So far as I knew at the time, the only problems the G4 had been exhibiting prior to the move was the occasional need to disconnect and reconnect the keyboard to enable typing at boot up. Other than that and the long-time problems in regards to printing web pages, it seemed fine.
I was surprised to find the original boxes for the G4 and its display in WebFLUX HQ storage, so I was able to well pack it up for its journey. We also bundled with it all the original CDs (recovery, etc.), required.

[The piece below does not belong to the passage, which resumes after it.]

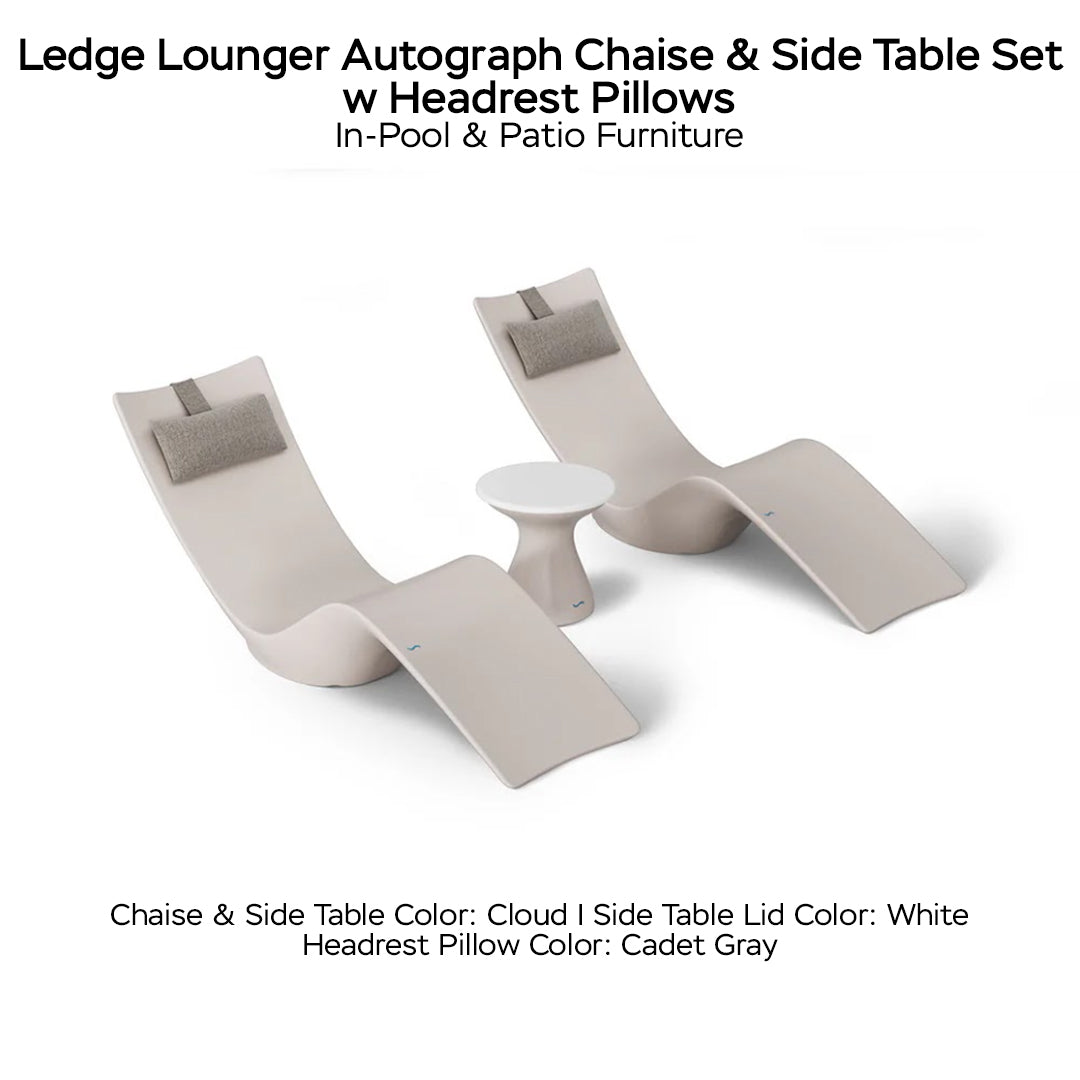 Ledge Lounger Autograph Chaise & Side Table Set w Headrest Pillows - Color Cloud - Table Lid White - Pillow Cadet Gray - In-Pool & Patio Furniture - Majestic Fountains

However, not long after it was 50 miles away, I began to hear from my brother-in-law of possible problems with the machine. Like the DVD drive and ZIP not working.
I emailed them the address of this user log for the G4, which included our own experiences with DVD drive ejection problems early on, and how we fixed them, plus reminded them of the need to zap a Mac's PRAM on occasion.
Alas, nothing seemed to work for him, and he ended up buying a replacement DVD drive, thinking the original had died.
But the second drive acted just as dead as the first after installation. And he couldn't try re-installing the OS, since he couldn't use the DVD drive.
The ZIP was still dead too.
In his efforts to get the things working, he'd also broken the mechanism which opened and closed the little door covering the drive tray, so that now it just hangs open all the time.
He'd consulted some folks closer to him distance-wise than me, who'd advised him to buy the second drive I believe.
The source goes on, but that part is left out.